As to the aforementioned contentions of defendants, (a) (c) and (e) are irrelevant. Section 1404(a) provides for the transfer of an action for the convenience of parties and witnesses, not for the convenience of the Court. Contention (f) is a bare conclusion and meaningless as such. The second contention has been partly cured by dropping defendant Selznick. Vanguard Films, Inc., is present in New York and has an office for the transaction of its business here; hence, it will not be inconvenienced by being required to appear.

The only contention of the defendants that has any merit is (d), and this is but a vague statement that some witnesses for the defendant are employed in California. Plaintiff refutes this argument by stating that no books and records of any kind will be required in this action which is a contract action. The negotiations for this contract were held in Italy, hence it is not an action local to California. Plaintiff alleges that the person who negotiated the contract for Vanguard Films, Inc., is frequently in New York. On the other hand, the principals and witnesses for the plaintiff would have to come from Italy to testify in New York and it would impose a tremendous burden and expense to require them to travel some 3000 additional miles to California.

Defendant Vanguard Films, Inc., has not shown any real justification for transfer of this action to California, much less the showing of a strong balance of convenience in its favor required by Section 1404(a). See Ferguson v. Ford Motor Co,, D.C.S.D.N.Y., 1950, 89 F.Supp. 45.

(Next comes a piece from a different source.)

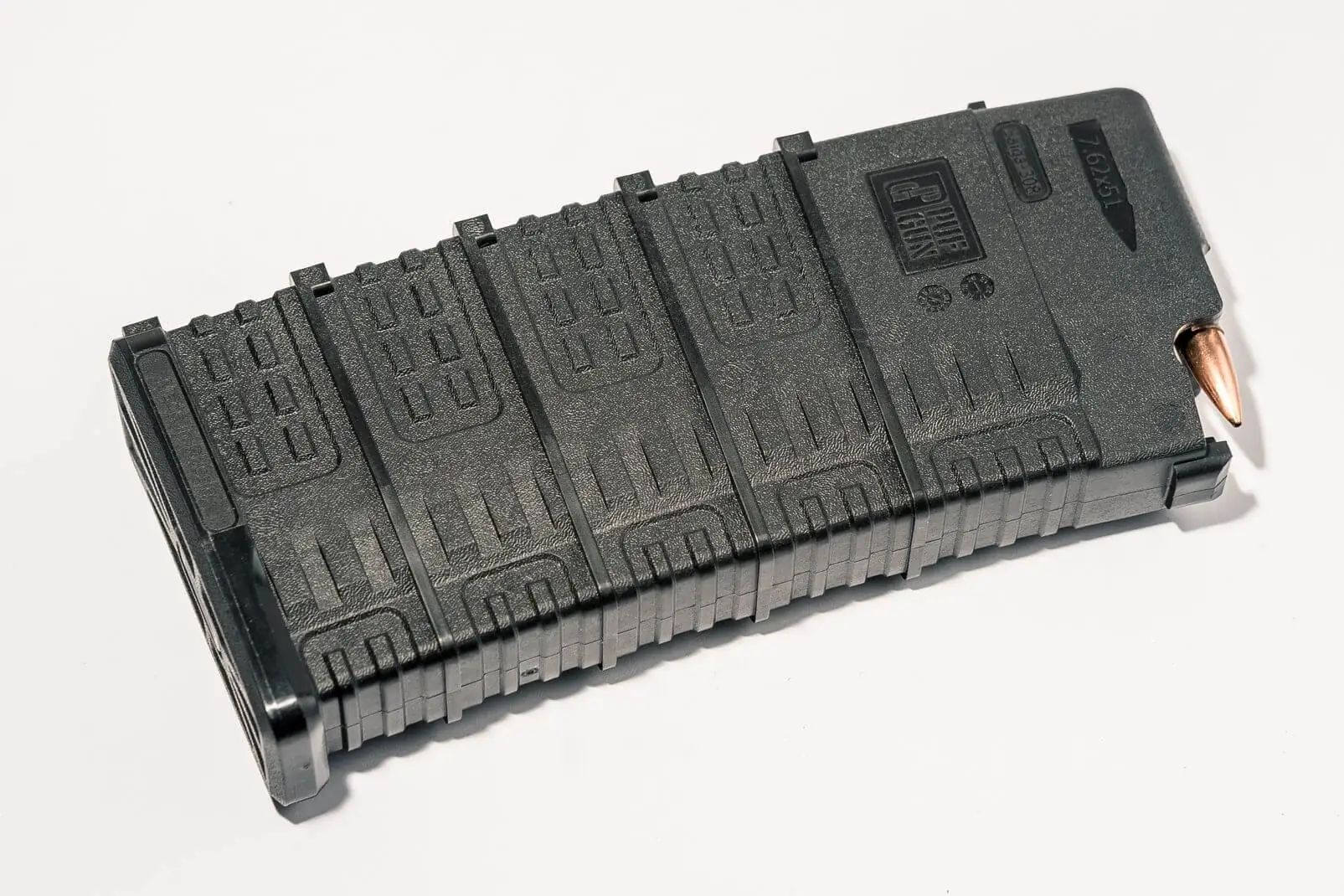 Магазин Pufgun На Сайга-308, 7,62Х51, 25 Патронов, Полимер, Черный, Возможность Укорочения, 188Гр.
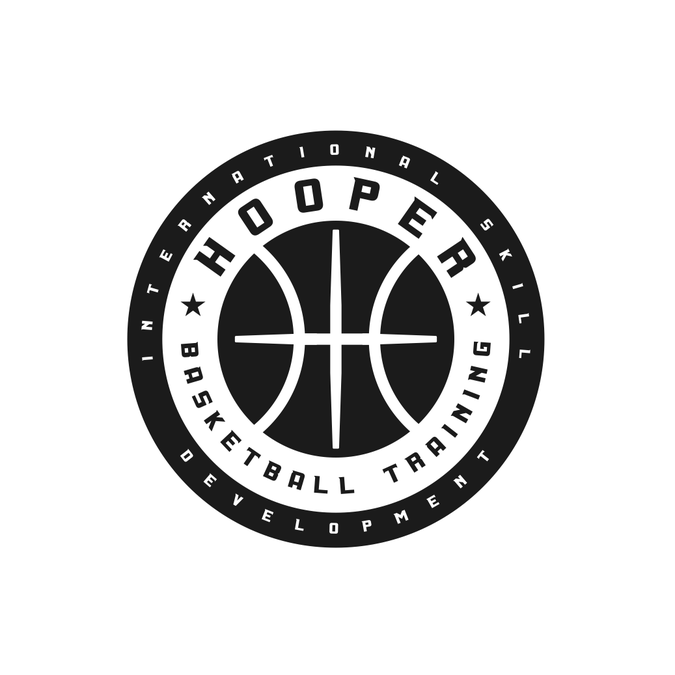 Create a bold, modern logo for Hooper Basketball Training Logo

It is therefore the decision of this Court that the defendant David O.Selznick shall be dropped as a party defendant and that the motion to dismiss this action (or transfer it to another district) be denied. Defendants’ request for twenty days in which to answer the complaint (instead of ten days as provided by Rule 12(a) of the Federal Rules of Civil Procedure) is denied.

Settle order on notice.

. “The district court of a district in which is filed a case laying venue in the wrong division or district shall dismiss, or, if it be in the interest of justice, transfer sucb. case to any district or division in which it could have been brought.”